What to produce:
Where the word "Black" appears in a line of the entries below, count that line and give the total alone.

Crawled caption data:
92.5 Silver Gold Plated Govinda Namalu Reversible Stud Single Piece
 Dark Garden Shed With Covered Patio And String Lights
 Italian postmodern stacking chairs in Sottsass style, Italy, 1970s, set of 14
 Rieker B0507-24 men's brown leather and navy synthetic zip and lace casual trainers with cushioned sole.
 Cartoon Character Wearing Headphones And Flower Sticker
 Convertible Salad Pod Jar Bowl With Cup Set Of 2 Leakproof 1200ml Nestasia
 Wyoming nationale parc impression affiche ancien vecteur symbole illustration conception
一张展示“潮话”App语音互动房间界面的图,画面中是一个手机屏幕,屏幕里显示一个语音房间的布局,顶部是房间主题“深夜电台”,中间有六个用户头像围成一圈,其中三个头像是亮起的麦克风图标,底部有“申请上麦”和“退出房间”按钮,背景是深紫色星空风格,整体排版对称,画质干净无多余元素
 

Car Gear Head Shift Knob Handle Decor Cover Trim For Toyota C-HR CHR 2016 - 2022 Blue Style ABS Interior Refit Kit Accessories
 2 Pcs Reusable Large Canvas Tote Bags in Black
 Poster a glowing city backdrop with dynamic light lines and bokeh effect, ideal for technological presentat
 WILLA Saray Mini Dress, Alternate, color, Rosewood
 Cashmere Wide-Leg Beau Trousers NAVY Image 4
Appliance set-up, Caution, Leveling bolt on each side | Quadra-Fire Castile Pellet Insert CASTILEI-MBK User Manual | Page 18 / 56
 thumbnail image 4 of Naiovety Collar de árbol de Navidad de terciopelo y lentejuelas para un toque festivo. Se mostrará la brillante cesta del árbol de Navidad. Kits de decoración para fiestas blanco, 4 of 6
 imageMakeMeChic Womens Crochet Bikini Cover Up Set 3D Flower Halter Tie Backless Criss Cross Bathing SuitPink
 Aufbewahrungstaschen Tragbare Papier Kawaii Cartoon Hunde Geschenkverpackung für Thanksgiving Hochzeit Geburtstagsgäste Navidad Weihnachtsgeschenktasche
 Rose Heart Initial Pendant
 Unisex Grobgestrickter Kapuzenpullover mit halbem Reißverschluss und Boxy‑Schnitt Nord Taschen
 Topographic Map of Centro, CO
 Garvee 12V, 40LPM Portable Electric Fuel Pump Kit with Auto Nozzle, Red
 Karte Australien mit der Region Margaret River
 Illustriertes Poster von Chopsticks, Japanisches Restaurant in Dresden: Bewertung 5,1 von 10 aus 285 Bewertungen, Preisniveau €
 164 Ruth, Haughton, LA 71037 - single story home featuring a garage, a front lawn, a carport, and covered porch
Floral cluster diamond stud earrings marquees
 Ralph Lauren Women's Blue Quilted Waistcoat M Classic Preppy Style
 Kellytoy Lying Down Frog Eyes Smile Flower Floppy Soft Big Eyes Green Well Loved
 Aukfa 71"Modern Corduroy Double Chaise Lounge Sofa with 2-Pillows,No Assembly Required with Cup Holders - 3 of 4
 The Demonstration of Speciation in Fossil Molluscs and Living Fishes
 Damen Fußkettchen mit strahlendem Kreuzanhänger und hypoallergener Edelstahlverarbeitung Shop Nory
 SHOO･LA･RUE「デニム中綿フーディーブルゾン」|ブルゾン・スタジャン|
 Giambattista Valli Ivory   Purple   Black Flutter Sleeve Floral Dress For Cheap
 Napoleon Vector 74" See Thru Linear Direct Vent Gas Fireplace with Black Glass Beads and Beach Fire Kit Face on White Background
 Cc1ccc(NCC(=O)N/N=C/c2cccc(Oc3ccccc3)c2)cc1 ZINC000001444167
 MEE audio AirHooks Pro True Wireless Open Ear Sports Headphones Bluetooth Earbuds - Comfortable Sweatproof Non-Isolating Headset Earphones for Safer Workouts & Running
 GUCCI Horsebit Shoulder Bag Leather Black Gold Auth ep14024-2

Task result:
4